WORK TO BE COMPLETED: Output the data below line for line, exactly, up to and including the line where "после акиматовских проверок" appears.

(Short descriptive text snippets)
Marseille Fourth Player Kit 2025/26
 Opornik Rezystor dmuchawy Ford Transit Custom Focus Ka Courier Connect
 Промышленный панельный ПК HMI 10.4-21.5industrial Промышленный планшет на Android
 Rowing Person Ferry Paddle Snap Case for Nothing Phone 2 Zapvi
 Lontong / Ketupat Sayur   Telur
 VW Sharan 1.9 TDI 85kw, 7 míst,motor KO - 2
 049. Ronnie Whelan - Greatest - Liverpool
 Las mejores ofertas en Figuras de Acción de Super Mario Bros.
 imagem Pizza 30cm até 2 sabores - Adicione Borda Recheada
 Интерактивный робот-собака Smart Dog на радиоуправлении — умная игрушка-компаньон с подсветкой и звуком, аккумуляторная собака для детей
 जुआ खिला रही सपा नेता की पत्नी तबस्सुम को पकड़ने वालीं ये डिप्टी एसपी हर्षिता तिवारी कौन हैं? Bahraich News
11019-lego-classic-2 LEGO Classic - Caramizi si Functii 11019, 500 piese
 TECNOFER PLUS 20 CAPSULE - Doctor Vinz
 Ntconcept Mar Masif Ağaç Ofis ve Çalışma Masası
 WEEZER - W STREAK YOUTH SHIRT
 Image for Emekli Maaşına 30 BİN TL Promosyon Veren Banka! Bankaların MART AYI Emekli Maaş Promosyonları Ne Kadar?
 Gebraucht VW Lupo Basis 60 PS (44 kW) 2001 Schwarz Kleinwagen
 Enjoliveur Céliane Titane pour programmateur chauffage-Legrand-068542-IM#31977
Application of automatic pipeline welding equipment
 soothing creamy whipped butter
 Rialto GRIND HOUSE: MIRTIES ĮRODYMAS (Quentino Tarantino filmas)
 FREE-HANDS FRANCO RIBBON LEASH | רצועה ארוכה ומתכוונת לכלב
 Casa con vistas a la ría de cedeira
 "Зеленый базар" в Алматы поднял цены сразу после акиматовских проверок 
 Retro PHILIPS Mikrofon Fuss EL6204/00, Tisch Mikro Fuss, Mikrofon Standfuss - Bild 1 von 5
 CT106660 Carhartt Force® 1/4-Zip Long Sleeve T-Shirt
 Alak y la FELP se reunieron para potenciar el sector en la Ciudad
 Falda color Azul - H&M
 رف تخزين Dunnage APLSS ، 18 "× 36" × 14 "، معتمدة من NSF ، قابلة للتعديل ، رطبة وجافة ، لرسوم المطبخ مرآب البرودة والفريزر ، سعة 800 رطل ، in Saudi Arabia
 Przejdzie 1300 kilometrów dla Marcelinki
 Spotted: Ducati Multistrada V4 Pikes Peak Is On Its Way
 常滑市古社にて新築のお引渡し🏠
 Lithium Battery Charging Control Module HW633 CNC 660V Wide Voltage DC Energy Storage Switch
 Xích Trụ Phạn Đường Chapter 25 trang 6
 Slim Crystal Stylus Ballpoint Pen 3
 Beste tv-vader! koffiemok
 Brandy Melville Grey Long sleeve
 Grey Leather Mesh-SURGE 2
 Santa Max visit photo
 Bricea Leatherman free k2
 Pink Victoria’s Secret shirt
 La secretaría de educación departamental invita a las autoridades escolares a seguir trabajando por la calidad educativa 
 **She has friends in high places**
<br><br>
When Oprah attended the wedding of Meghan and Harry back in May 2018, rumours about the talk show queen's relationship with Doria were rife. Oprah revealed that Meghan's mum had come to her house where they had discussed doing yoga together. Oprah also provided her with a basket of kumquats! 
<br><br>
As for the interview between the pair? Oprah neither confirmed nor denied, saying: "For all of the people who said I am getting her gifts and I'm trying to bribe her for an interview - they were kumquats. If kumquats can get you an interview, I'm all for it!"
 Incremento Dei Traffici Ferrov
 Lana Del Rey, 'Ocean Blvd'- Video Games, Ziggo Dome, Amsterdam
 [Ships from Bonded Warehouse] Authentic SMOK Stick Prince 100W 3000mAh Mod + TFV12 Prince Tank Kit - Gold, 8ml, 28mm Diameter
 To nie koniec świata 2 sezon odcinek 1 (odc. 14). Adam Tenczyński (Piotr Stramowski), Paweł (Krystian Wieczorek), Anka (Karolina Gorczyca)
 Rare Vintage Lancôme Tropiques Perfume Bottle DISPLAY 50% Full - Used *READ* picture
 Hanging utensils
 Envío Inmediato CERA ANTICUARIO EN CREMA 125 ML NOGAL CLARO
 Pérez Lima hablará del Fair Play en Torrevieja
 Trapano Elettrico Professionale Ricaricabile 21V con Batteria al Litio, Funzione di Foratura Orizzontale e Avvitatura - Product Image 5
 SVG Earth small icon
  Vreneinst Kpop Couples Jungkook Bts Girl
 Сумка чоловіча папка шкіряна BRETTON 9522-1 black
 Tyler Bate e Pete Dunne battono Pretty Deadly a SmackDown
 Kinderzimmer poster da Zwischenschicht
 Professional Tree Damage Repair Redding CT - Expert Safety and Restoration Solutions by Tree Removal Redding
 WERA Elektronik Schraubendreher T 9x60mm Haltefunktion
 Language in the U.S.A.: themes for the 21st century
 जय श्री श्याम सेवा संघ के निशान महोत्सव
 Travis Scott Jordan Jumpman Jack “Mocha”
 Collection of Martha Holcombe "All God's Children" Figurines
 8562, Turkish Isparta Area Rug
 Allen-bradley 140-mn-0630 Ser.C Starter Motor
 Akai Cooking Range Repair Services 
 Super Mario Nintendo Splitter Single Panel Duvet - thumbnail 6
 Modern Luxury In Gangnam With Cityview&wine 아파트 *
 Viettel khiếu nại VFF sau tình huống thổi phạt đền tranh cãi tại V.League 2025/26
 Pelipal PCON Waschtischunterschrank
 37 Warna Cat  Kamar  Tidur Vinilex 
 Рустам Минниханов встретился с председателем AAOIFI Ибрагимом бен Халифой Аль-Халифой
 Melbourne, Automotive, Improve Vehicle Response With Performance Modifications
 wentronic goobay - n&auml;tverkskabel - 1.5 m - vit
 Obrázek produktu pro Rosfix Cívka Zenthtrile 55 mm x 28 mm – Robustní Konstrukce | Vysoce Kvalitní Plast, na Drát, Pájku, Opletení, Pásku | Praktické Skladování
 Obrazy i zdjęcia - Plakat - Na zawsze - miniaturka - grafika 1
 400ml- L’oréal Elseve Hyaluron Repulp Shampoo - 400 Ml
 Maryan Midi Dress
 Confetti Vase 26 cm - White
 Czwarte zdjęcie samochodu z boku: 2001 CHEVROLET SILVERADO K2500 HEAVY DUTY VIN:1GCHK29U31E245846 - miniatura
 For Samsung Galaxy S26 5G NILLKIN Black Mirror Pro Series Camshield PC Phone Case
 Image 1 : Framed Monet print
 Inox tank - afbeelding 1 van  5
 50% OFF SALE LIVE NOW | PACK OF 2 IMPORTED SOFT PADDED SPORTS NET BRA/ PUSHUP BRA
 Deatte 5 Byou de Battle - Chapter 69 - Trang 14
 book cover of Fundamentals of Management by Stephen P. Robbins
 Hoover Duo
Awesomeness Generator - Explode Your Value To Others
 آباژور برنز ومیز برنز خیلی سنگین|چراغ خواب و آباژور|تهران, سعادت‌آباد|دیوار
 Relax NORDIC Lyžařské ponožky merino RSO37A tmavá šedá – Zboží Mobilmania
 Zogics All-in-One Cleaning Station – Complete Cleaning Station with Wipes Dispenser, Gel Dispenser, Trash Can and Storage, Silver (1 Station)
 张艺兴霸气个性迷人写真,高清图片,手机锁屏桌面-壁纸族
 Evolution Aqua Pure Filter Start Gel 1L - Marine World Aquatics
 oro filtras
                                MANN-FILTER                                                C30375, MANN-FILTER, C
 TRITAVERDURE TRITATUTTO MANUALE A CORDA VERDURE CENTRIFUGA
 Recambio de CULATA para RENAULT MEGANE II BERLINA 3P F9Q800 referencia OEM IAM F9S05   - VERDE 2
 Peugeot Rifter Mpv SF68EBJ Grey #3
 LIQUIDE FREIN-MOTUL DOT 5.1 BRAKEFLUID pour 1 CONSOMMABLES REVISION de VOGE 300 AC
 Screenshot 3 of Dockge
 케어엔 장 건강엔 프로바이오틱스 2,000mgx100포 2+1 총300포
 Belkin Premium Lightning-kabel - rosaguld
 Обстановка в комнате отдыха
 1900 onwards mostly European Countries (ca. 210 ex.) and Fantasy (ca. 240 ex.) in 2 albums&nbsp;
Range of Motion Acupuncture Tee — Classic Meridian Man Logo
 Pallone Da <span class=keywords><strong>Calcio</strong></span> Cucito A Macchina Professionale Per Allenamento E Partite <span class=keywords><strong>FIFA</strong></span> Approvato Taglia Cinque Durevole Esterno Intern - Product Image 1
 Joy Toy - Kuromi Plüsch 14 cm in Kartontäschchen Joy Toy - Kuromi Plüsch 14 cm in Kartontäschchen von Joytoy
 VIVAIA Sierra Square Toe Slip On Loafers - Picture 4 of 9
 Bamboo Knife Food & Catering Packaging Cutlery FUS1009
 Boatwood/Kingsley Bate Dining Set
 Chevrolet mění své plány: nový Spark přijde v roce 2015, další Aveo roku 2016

YOUR SOLUTION:
Marseille Fourth Player Kit 2025/26
 Opornik Rezystor dmuchawy Ford Transit Custom Focus Ka Courier Connect
 Промышленный панельный ПК HMI 10.4-21.5industrial Промышленный планшет на Android
 Rowing Person Ferry Paddle Snap Case for Nothing Phone 2 Zapvi
 Lontong / Ketupat Sayur   Telur
 VW Sharan 1.9 TDI 85kw, 7 míst,motor KO - 2
 049. Ronnie Whelan - Greatest - Liverpool
 Las mejores ofertas en Figuras de Acción de Super Mario Bros.
 imagem Pizza 30cm até 2 sabores - Adicione Borda Recheada
 Интерактивный робот-собака Smart Dog на радиоуправлении — умная игрушка-компаньон с подсветкой и звуком, аккумуляторная собака для детей
 जुआ खिला रही सपा नेता की पत्नी तबस्सुम को पकड़ने वालीं ये डिप्टी एसपी हर्षिता तिवारी कौन हैं? Bahraich News
11019-lego-classic-2 LEGO Classic - Caramizi si Functii 11019, 500 piese
 TECNOFER PLUS 20 CAPSULE - Doctor Vinz
 Ntconcept Mar Masif Ağaç Ofis ve Çalışma Masası
 WEEZER - W STREAK YOUTH SHIRT
 Image for Emekli Maaşına 30 BİN TL Promosyon Veren Banka! Bankaların MART AYI Emekli Maaş Promosyonları Ne Kadar?
 Gebraucht VW Lupo Basis 60 PS (44 kW) 2001 Schwarz Kleinwagen
 Enjoliveur Céliane Titane pour programmateur chauffage-Legrand-068542-IM#31977
Application of automatic pipeline welding equipment
 soothing creamy whipped butter
 Rialto GRIND HOUSE: MIRTIES ĮRODYMAS (Quentino Tarantino filmas)
 FREE-HANDS FRANCO RIBBON LEASH | רצועה ארוכה ומתכוונת לכלב
 Casa con vistas a la ría de cedeira
 "Зеленый базар" в Алматы поднял цены сразу после акиматовских проверок 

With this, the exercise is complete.